US 12,333,791 B2
	Determining media documents embedded in other media documents
Pavel Sukhov, Olso (NO); and Thomas Peter Kunert, Oslo (NO)
Assigned to Microsoft Technology Licensing, LLC, Redmond, WA (US)
Filed by Microsoft Technology Licensing, LLC, Redmond, WA (US)
Filed on Aug. 18, 2022, as Appl. No. 17/890,769.
Prior Publication US 2024/0062529 A1, Feb. 22, 2024
Int. Cl. G06V 10/774 (2022.01); G06V 10/74 (2022.01); G06V 10/778 (2022.01); G06V 10/82 (2022.01); G06V 20/40 (2022.01)
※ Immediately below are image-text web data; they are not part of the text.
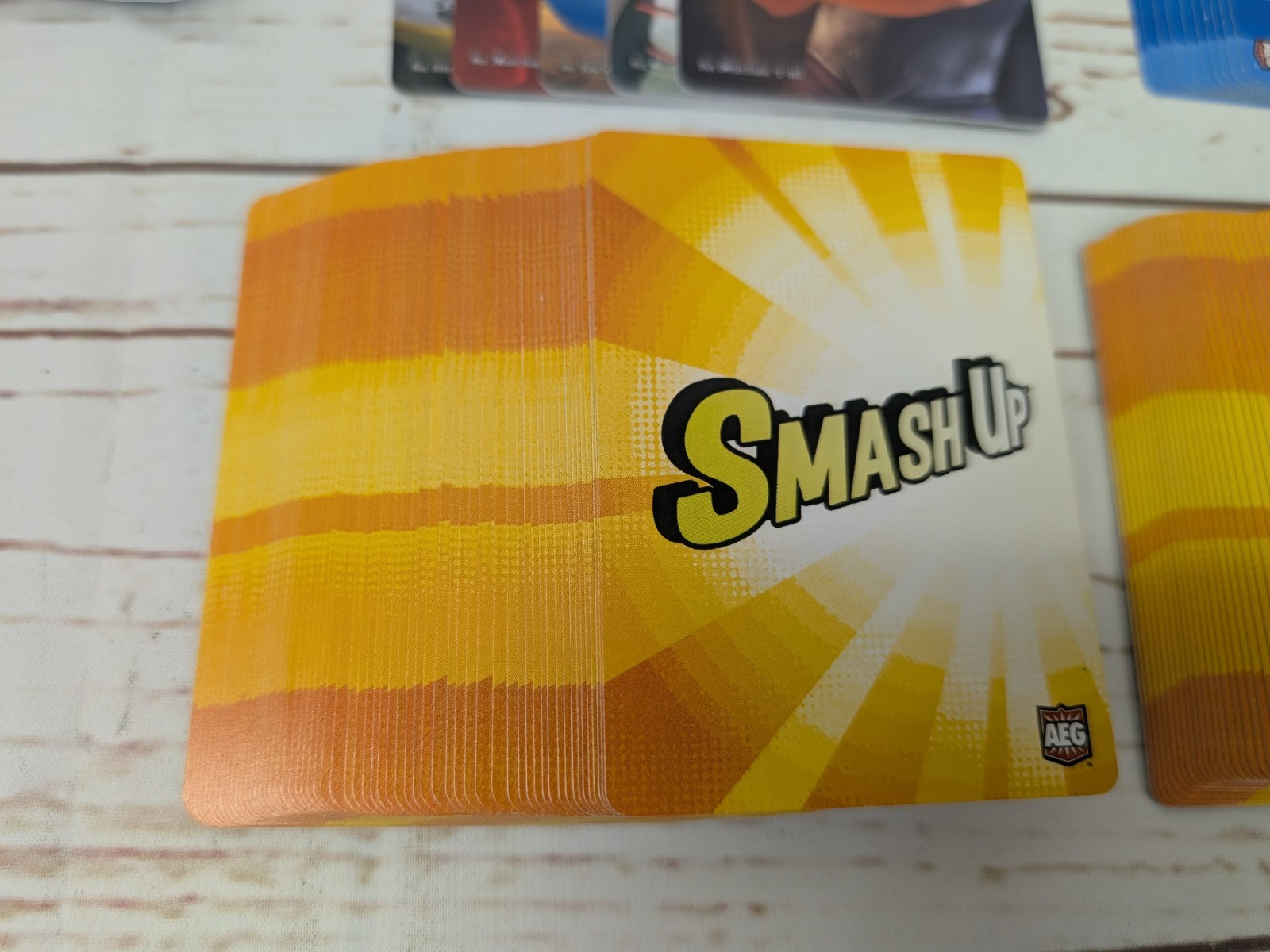 Smash Up It’s Your Fault Expansion Board Card Game AEG *No Booklet, Box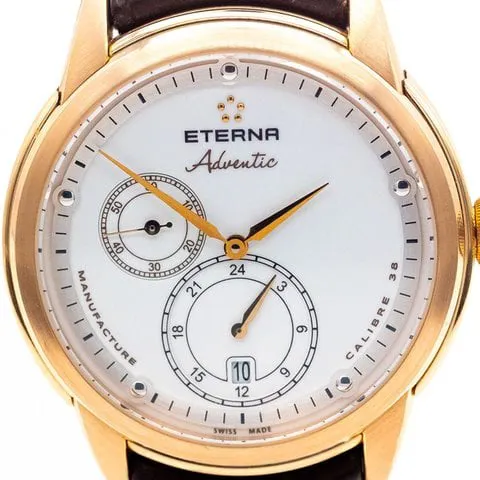 Eterna Eterna-Matic 281.752.44 44mm Rose gold White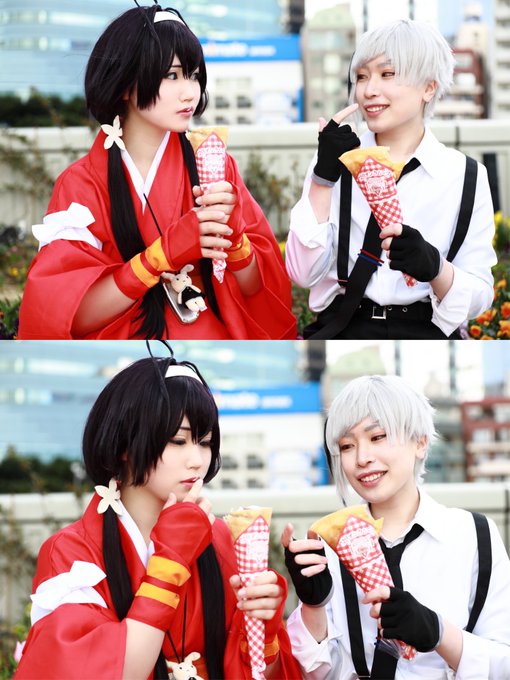 Twitterのコスプレ画像3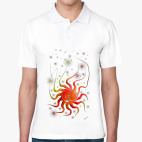 Мужская рубашка поло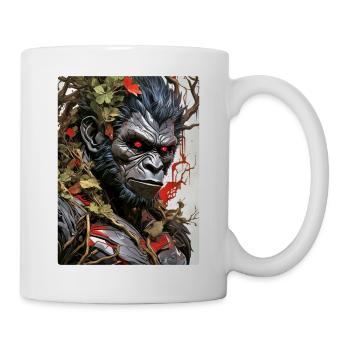 Spooky Plants Gorilla 1.5 - Mug - white - Right
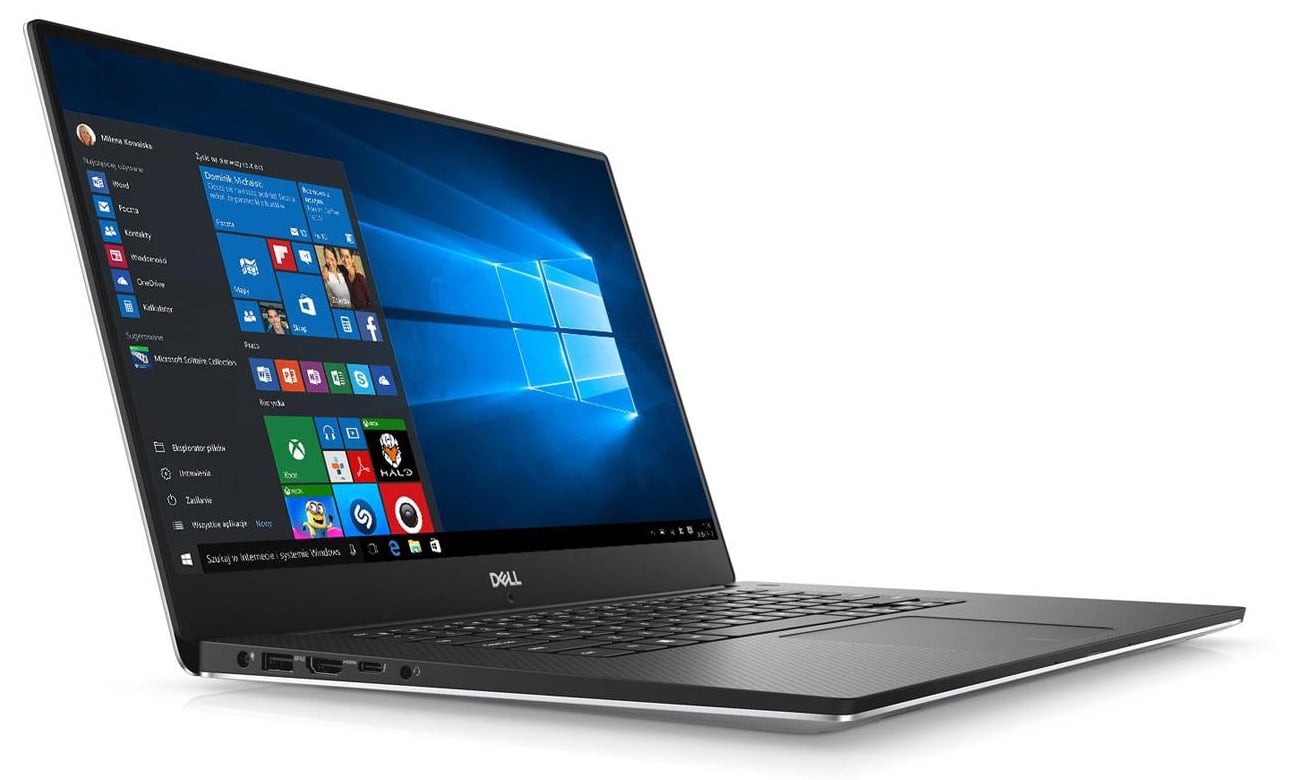 Dell XPS 15 9570 Procesor Intel Core i7 8-ej generacji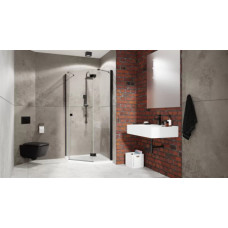 Душевая кабина Radaway Essenza New Black PTJ 800х800х2000 385049-54-01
CPC G06V 10/7747 (2022.01) [G06V 10/761 (2022.01); G06V 10/7796 (2022.01); G06V 10/82 (2022.01); G06V 20/41 (2022.01); G06V 20/46 (2022.01)]

17 Claims

1. An apparatus, comprising:

a device including memory having processor-executable code stored therein, and a processor that is adapted to execute the processor-executable code, wherein the processor-executable code includes processor-executable instructions that, in response to execution, enable the device to perform actions, including:

obtaining source input images that are derived from a set of source media documents;

obtaining target input images that are derived from a set of target media documents;

generating source fingerprints from the source input images using a source machine-learning model;

generating target fingerprints from the target input images using a target machine-learning model, wherein:

the source machine-learning model includes a first neural network,

the target machine-learning model includes a second neural network that is different from the first neural network, and

the source machine-learning model was trained in parallel with the target machine-learning model such that the source machine-learning model outputs a source fingerprint from a source input image and the target machine-learning model outputs a target fingerprint from a target input image with a training objective that:

a distance between the source fingerprint and the target fingerprint is less than a first threshold if the source input image is embedded within the target input image, and

the distance between the source fingerprint and the target fingerprint is greater than the first threshold if the source input image is absent from the target input image;

using the source fingerprints and the target fingerprints to determine a set of candidate media-document pairs, wherein each candidate media-document pair of the set of candidate media-document pairs includes a candidate source media document from the set of source media documents and a candidate target media document from the set of target media documents such that the candidate source media document is a candidate for being embedded in the candidate target media document; and

using a confirmation machine-learning model to determine, for candidate media-document pairs in the set of candidate media-document pairs, a confidence score that the candidate source media document of the set of candidate media-document pairs is embedded in the candidate target media document of the set of candidate media-document pairs.